What the exercise asks —
The entire listing below is to be written out exactly, minus the pictures.

Data block —
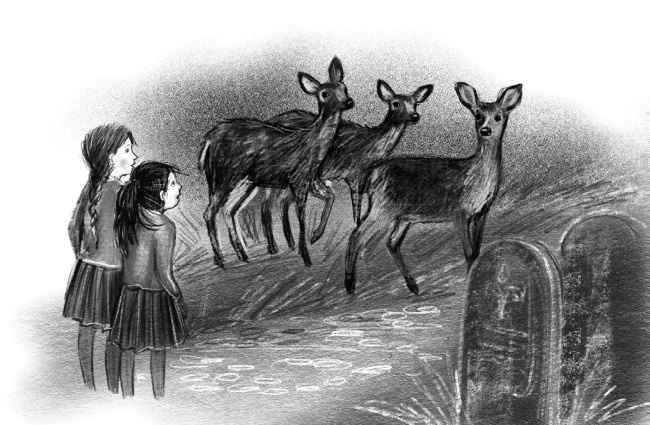 Иллюстрация к книге — Оленёнок Крапинка, или Бархатистый носик [i_032.jpg]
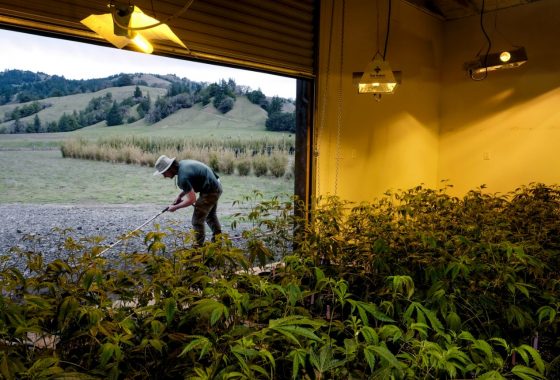 Medible review californias outlaw marijuana culture faces a harsh reckoning legal weed 8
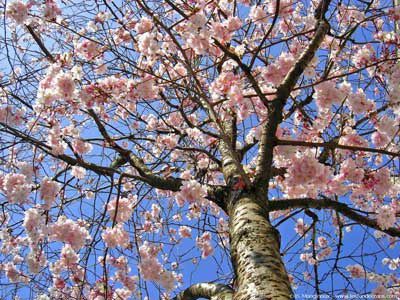 printemps-arbre-fleurs-4.jpg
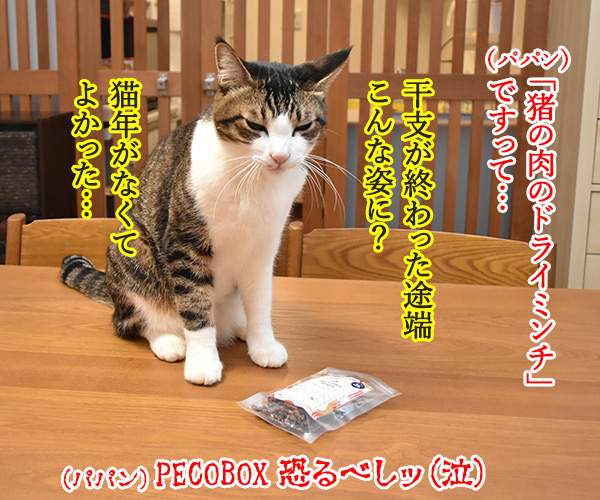 PECOBOXの1月号はお正月特別号なのッ　猫の写真で４コマ漫画　５コマ目ッ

Result —
 Иллюстрация к книге — Оленёнок Крапинка, или Бархатистый носик [i_032.jpg]
 Medible review californias outlaw marijuana culture faces a harsh reckoning legal weed 8
 printemps-arbre-fleurs-4.jpg
 PECOBOXの1月号はお正月特別号なのッ　猫の写真で４コマ漫画　５コマ目ッ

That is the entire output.